**TASK INPUTS**
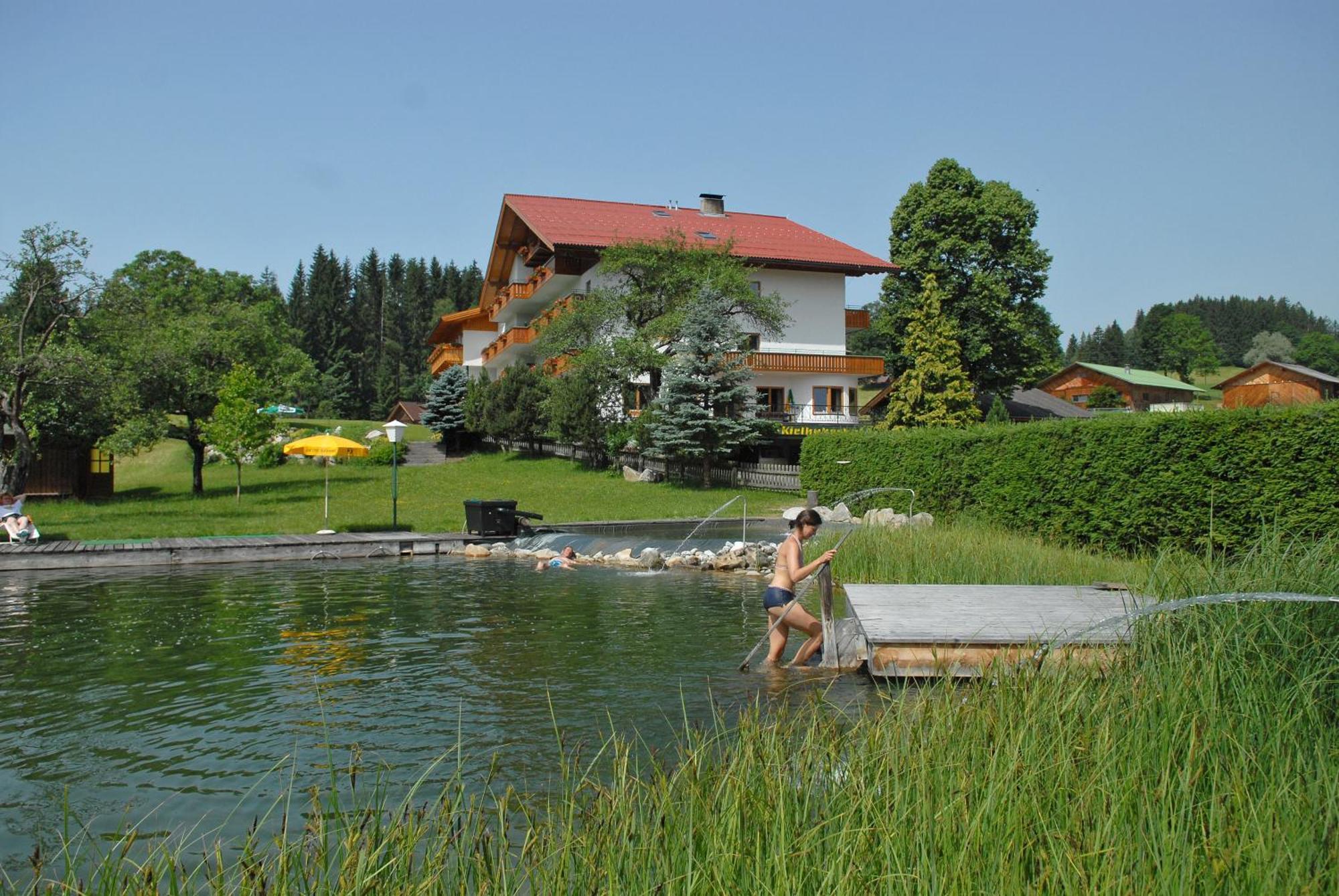 Landhotel Kielhuberhof Рамзау-ам-Дахштайн Екстер'єр фото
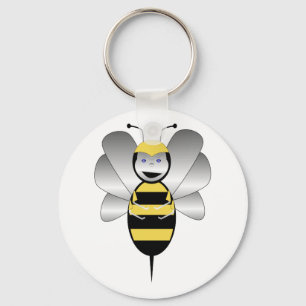 Robobee Humla Keychain Nyckelring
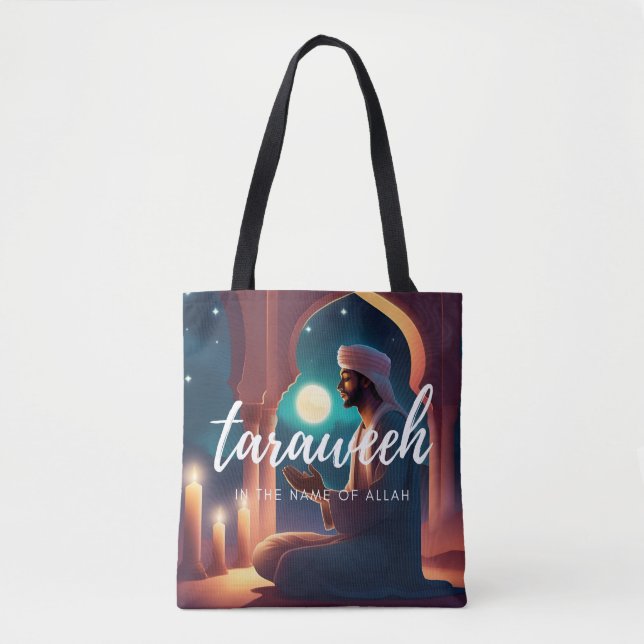 Taraweeh Bag (Front)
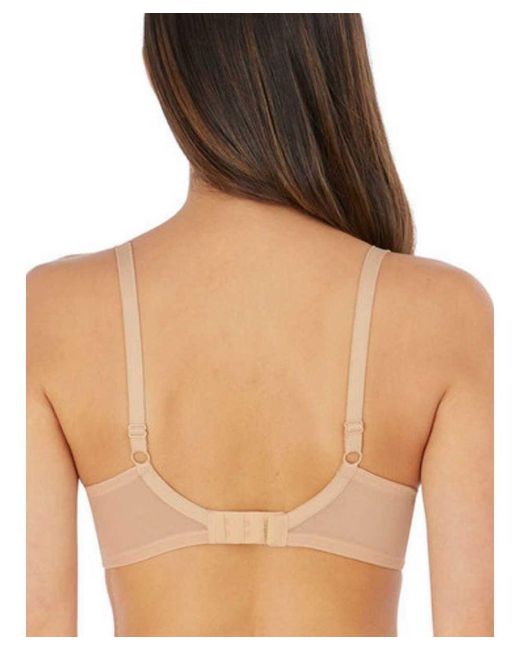 Wacoal Brown Lisse Moulded Spacer Bra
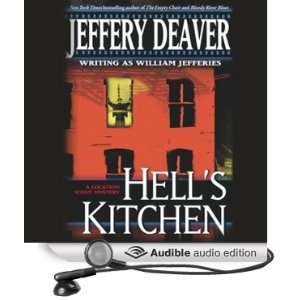   Kitchen (Audible Audio Edition) Jeffery Deaver, Holter Graham Books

**WHAT THE TASK REQUIRES**
The data above is to be printed exactly, all of it, except for the pictures.

**SOLUTION**
 Landhotel Kielhuberhof Рамзау-ам-Дахштайн Екстер'єр фото
 Robobee Humla Keychain Nyckelring
 Taraweeh Bag (Front)
 Wacoal Brown Lisse Moulded Spacer Bra
   Kitchen (Audible Audio Edition) Jeffery Deaver, Holter Graham Books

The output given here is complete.